My dog's name is Willie.
My dog is 6 years old.

For my_dog = Dog('Willie', 6), we tell Python to create a dog whose name is 'Willie' and whose age is 6. When Python reads this line, it calls the __init__() method in Dog with the arguments 'Willie' and 6. The __init__() method creates an instance representing this particular dog and sets the name and age attributes using the provided values. Python then returns an instance representing this dog. We assign that instance to the variable my_dog. The naming convention is helpful here: we can usually assume that a capitalized name like Dog refers to a class, and a lowercase name like my_dog refers to a single instance created from a class.

We can use dot notation to access the attributes of an instance, otherwise:

my_dog.name, my_dog.age

('Willie', 6)

Parentheses are not needed when accessing attributes:

my_dog.name(), my_dog.age()

---------------------------------------------------------------------------
TypeError                                 Traceback (most recent call last)
Cell In[22], line 1
----> 1 my_dog.name(), my_dog.age()

TypeError: 'str' object is not callable

and call the methods defined in the Dog class:

my_dog.sit()
my_dog.roll_over()

Willie is now sitting.
Willie rolled over!

Parentheses are necessary when calling methods even if there is no argument to pass, otherwise:

my_dog.sit, my_dog.roll_over

(<bound method Dog.sit of <__main__.Dog object at 0x000001987EFC46D0>>,
 <bound method Dog.roll_over of <__main__.Dog object at 0x000001987EFC46D0>>)

Three ways to modify attribute values

We can change an attribute’s value in three ways: change the value directly through an instance, set the value through a method, or increment the value (add a certain amount to it) through a method. Take a Car class as an example as follows.

(1) Modify an attribute’s value directly

The simplest way to modify the value of an attribute is to access the attribute directly through an instance.

 class Car:
    """A simple attempt to represent a car."""

    def __init__(self, make, model, year):
        """Initialize attributes to describe a car."""
        self.make = make
        self.model = model
        self.year = year
        self.odometer_reading = 0 # Set a default value for an attribute; assigned a default value

    def get_descriptive_name(self):
        """Return a neatly formatted descriptive name."""
        long_name = f"{self.year} {self.make} {self.model}"
        return long_name.title()

    def read_odometer(self):
        """Print a statement showing the car's mileage."""
        print(f"This car has {self.odometer_reading} miles on it.")
    
my_new_car = Car('audi', 'a4', 2019)
print(my_new_car.get_descriptive_name())
my_new_car.read_odometer()

my_new_car.odometer_reading = 23
my_new_car.read_odometer()

2019 Audi A4
This car has 0 miles on it.
This car has 23 miles on it.

(2) Modify an attribute’s value through a method

Instead of accessing the attribute directly, we can pass the new value to a method that handles the updating internally.

 class Car:
    """A simple attempt to represent a car."""

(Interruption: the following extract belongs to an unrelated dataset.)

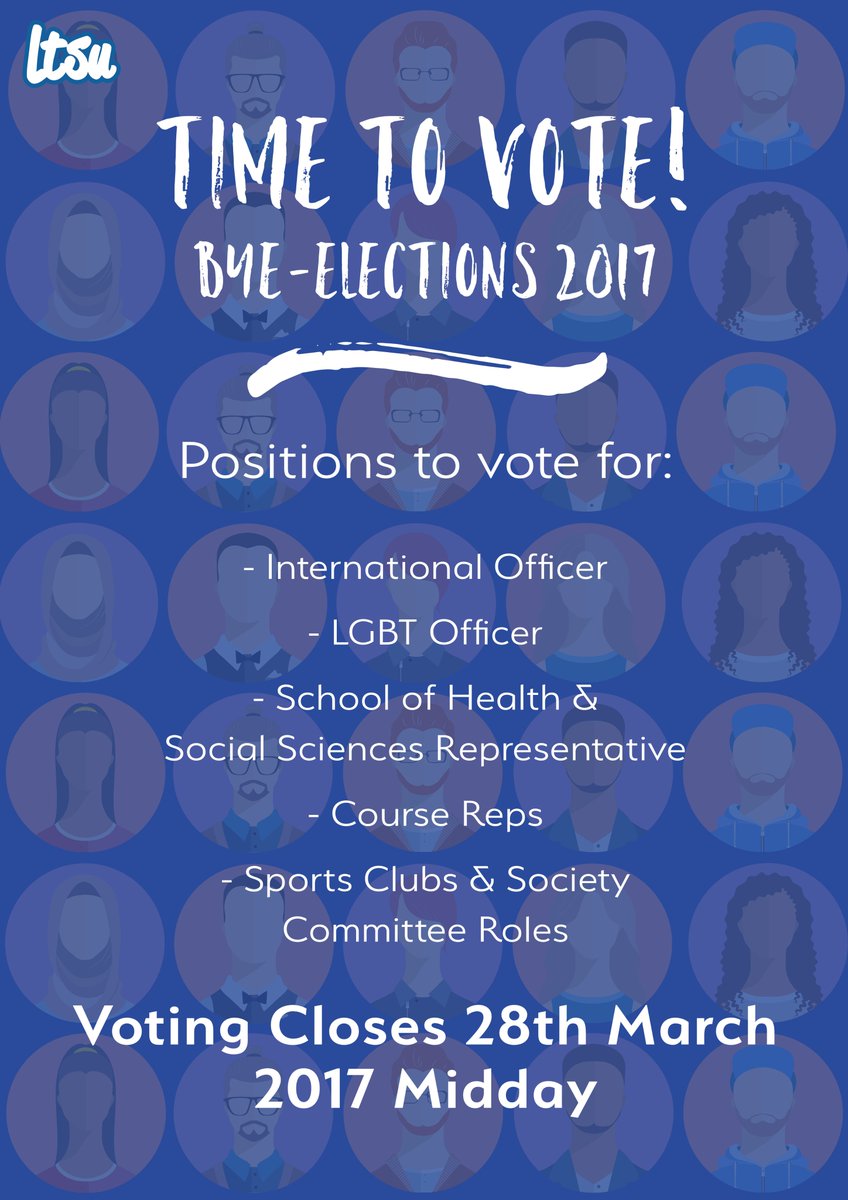 It's time to start voting for the Bye-Election positions!! You have until Midday on Tuesday 28th of March!
ltsu.co.uk/elections
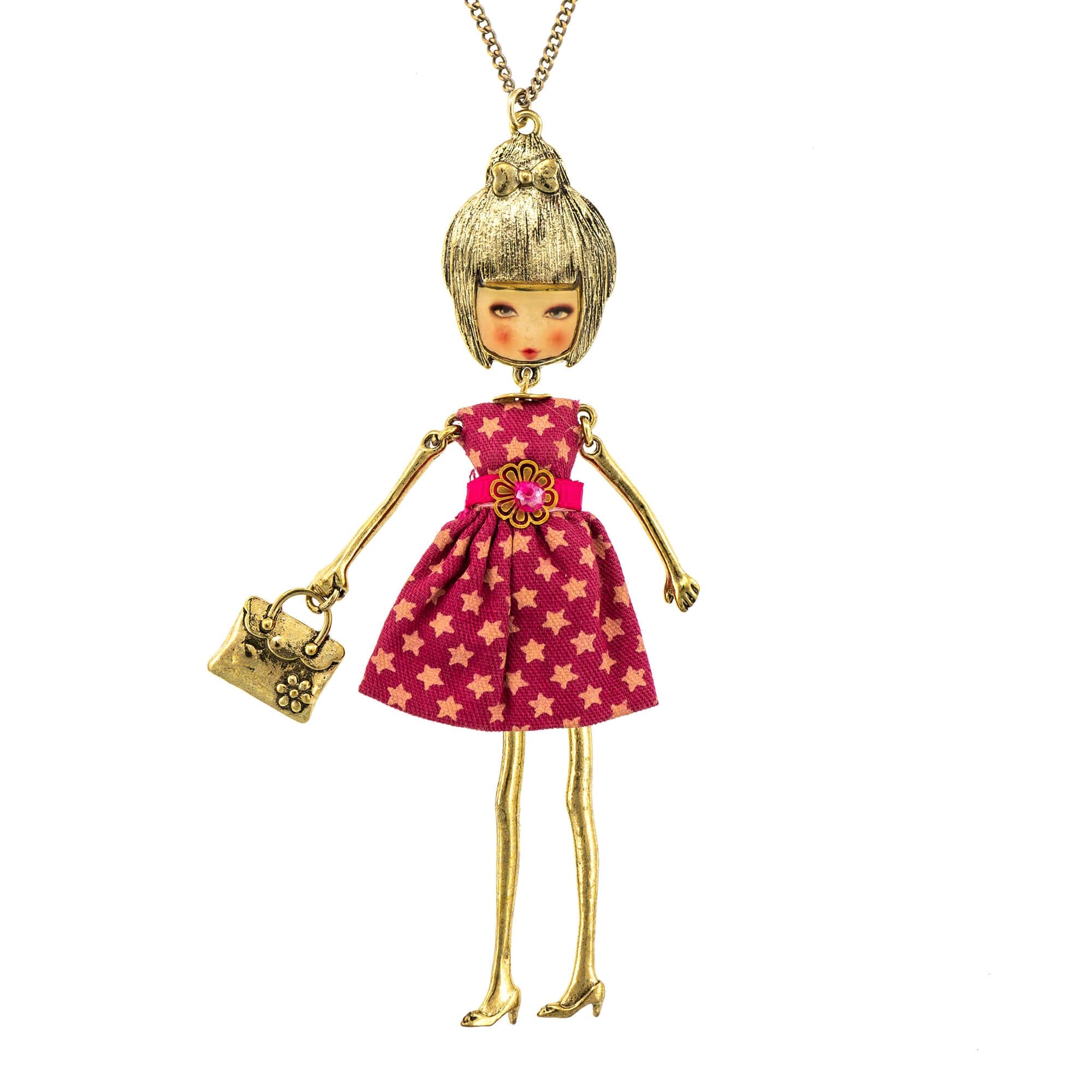 Pandantiv cu lant Bambola Americana-Stars-Pink, Gatsby Style Revival by Roxannes - Bambole Milanesi, Roz 42369-Pink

    def __init__(self, make, model, year):
        """Initialize attributes to describe a car."""
        self.make = make
        self.model = model
        self.year = year
        self.odometer_reading = 0

    def get_descriptive_name(self):
        """Return a neatly formatted descriptive name."""
        long_name = f"{self.year} {self.make} {self.model}"
        return long_name.title()

    def read_odometer(self):
        """Print a statement showing the car's mileage."""
        print(f"This car has {self.odometer_reading} miles on it.")

    def update_odometer(self, mileage):
        """
        Set the odometer reading to the given value.
        Reject the change if it attempts to roll the odometer back.
        """
        if mileage >= self.odometer_reading:
            self.odometer_reading = mileage
        else:
            print("You can't roll back an odometer!")

my_new_car = Car('audi', 'a4', 2019)
print(my_new_car.get_descriptive_name())

my_new_car.update_odometer(23)
my_new_car.read_odometer()

my_new_car.update_odometer(21)
my_new_car.read_odometer()

2019 Audi A4
This car has 23 miles on it.
You can't roll back an odometer!
This car has 23 miles on it.

(3) Increment an attribute’s value through a method

Sometimes we want to increment an attribute’s value by a certain amount rather than set an entirely new value.

 class Car:
    """A simple attempt to represent a car."""

    def __init__(self, make, model, year):
        """Initialize attributes to describe a car."""
        self.make = make
        self.model = model
        self.year = year
        self.odometer_reading = 0

    def get_descriptive_name(self):
        """Return a neatly formatted descriptive name."""
        long_name = f"{self.year} {self.make} {self.model}"
        return long_name.title()

    def read_odometer(self):
        """Print a statement showing the car's mileage."""
        print(f"This car has {self.odometer_reading} miles on it.")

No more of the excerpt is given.